Le capitaine Stirn, — c’est la forme que revêt sa manie, — s’incarne successivement dans une foule de personnages, victimes de l’ambition allemande. Et sa folie s’exprime en dialogues vaguement puérils avec Mabel Road : « De quels vêtemens m’affubles-tu, Mabel ? — Je te revêts d’un costume de moujik. — Qui suis -je, Mabel ? — Tu es le moujik Ivan Mirsky, tu appartiens à l’armée du Naref . » Et, sur sa couchette d’hôpital, le capitaine Stirn fait le geste de creuser une tranchée, mais il se borne à égratigner son drap de lit.

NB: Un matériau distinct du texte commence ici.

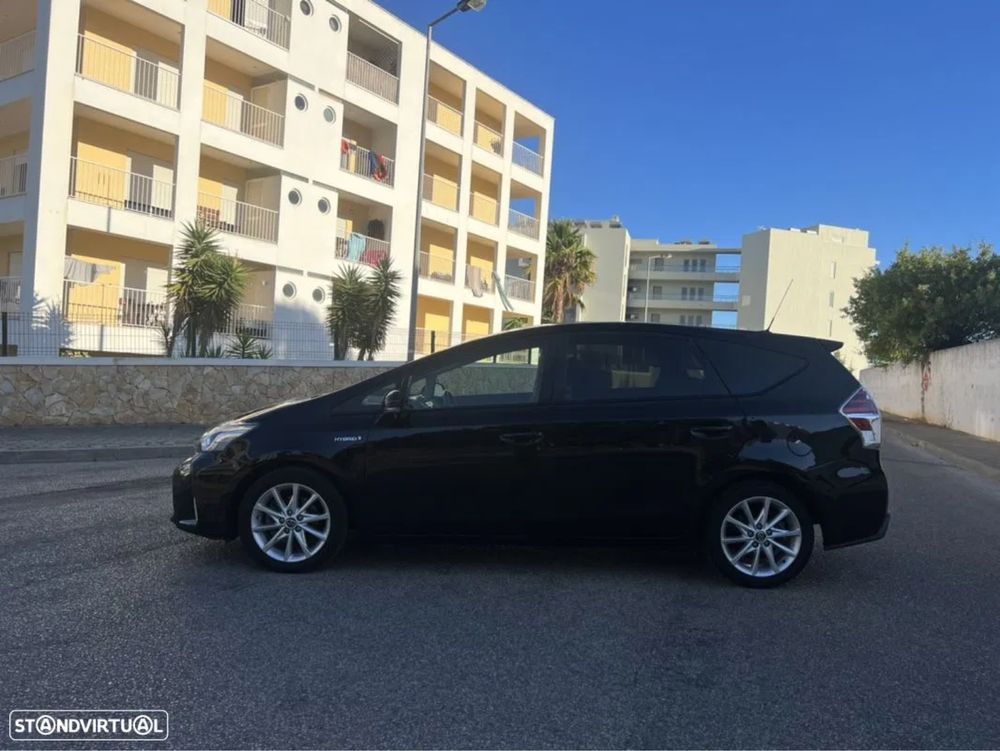 Vendo Toyota Prius+ com garantia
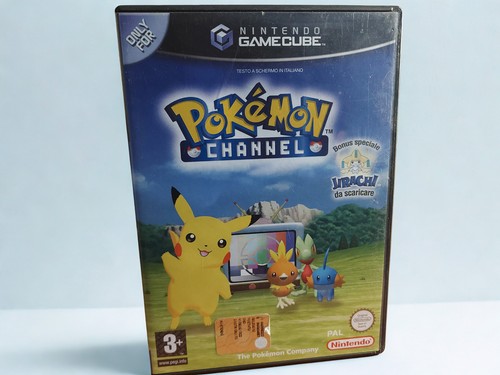Pokemon channel nintendo - pokemon,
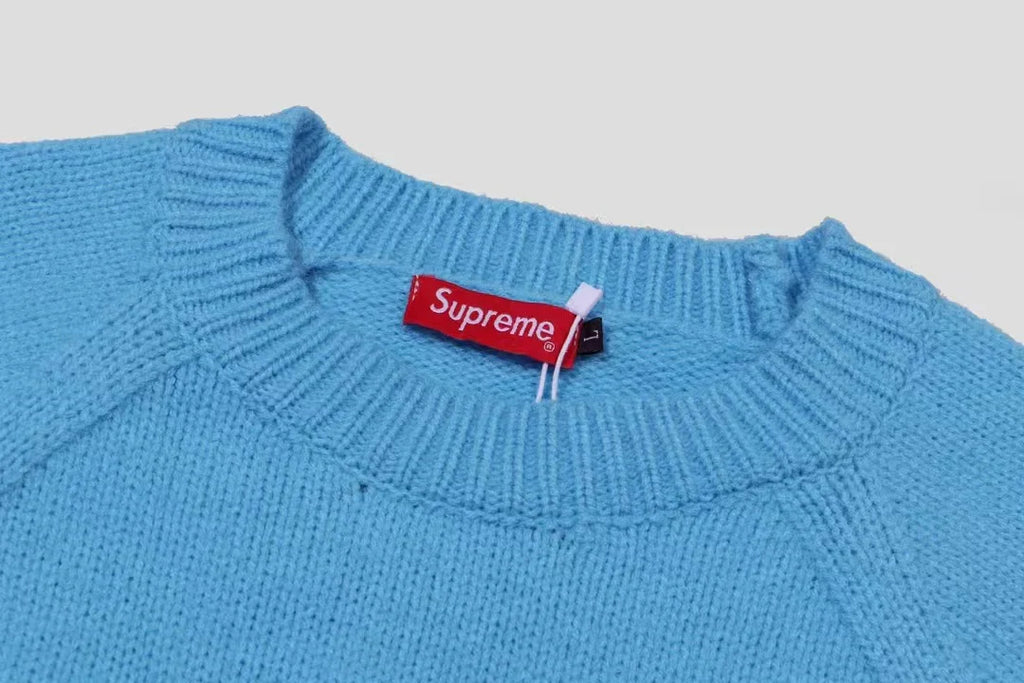 New chest striped jacquard sweater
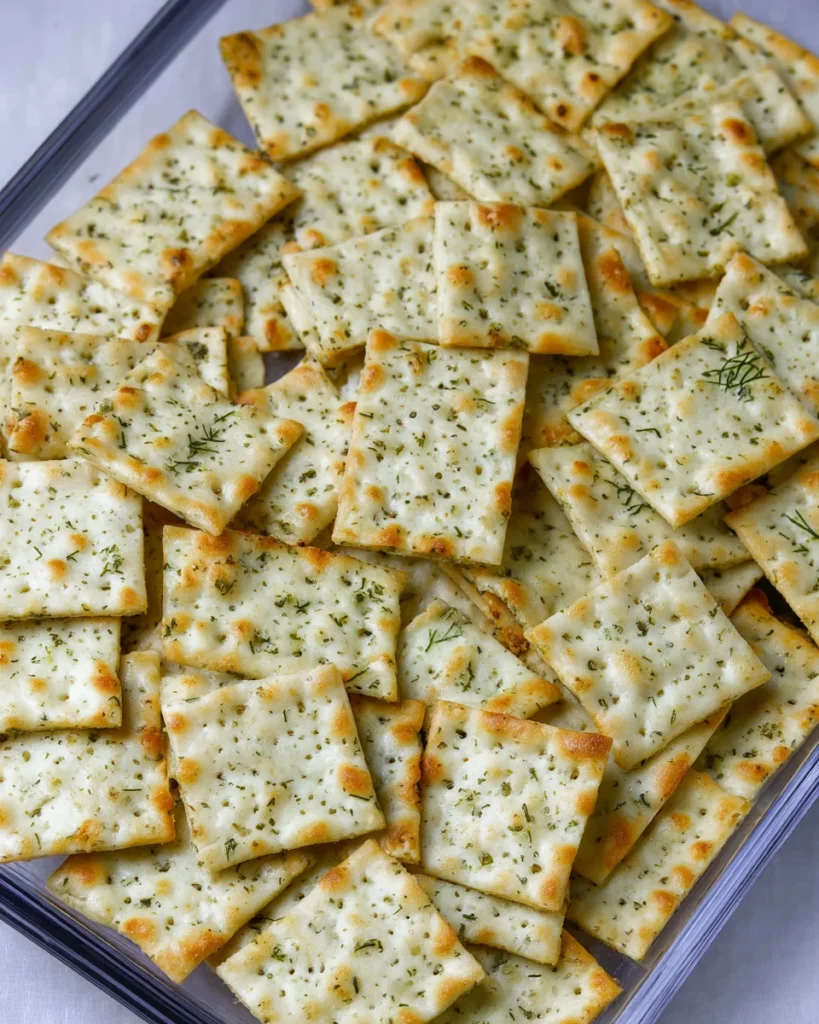 Dill Pickle Saltines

Le capitaine Stirn est ensuite un curé belge dans un village de Sambre-et-Meuse, puis il est le fusilier polonais Prohaska, le maître d’école Kasparin Zohrab, chrétien de Turquie, persécuté, supplicié. On admire les connaissances de ce fou en histoire, en géographie, en politique. On s’étonne de la succession régulière mais fort monotone de ses incarnations. Il y a trop d’ordre dans ce désordre. On est las de ce défilé avant qu’il ait pris fin.

Le capitaine se croit un puissant monarque jouant au ballon avec la vie de ses sujets. Il est un aviateur. Il est Isaïe, fils d’Amos, prophète en Israël. A ce titre, il descend dans l’abîme et contemple face à face l’Ame de notre temps, fécond en maléfices. Sous la forme d’une femme nue assise sur un trône d’escarboucles, l’Ame de notre temps profère des paroles apocalyptiques que le héros de M. Stilgebauer vocifère en se vautrant sur sa couche. Il emprunte encore la forme du roi David dans une scène abracadabrante où il se rencontre avec Chronos. Des entretiens fumeux résultent de cette collision entre l’Ancien Testament et la mythologie grecque. Enfin le capitaine Stirn est saint Jean l’Évangéliste à Pathmos. C’est l’avatar suprême. Il rend l’âme après ce dernier effort. En vérité, il était temps.

Les romans de M. Stilgebauer peuvent ne pas plaire à tout le monde. Ils ont plu à beaucoup de monde et pas seulement en Allemagne. Inferno a été traduit depuis dix-huit mois dans cinq ou six langues. Les délicats protestent, mais M. Stilgebauer, d’un doigt triomphant, montre aux vitrines des marchands la pile de ses livres.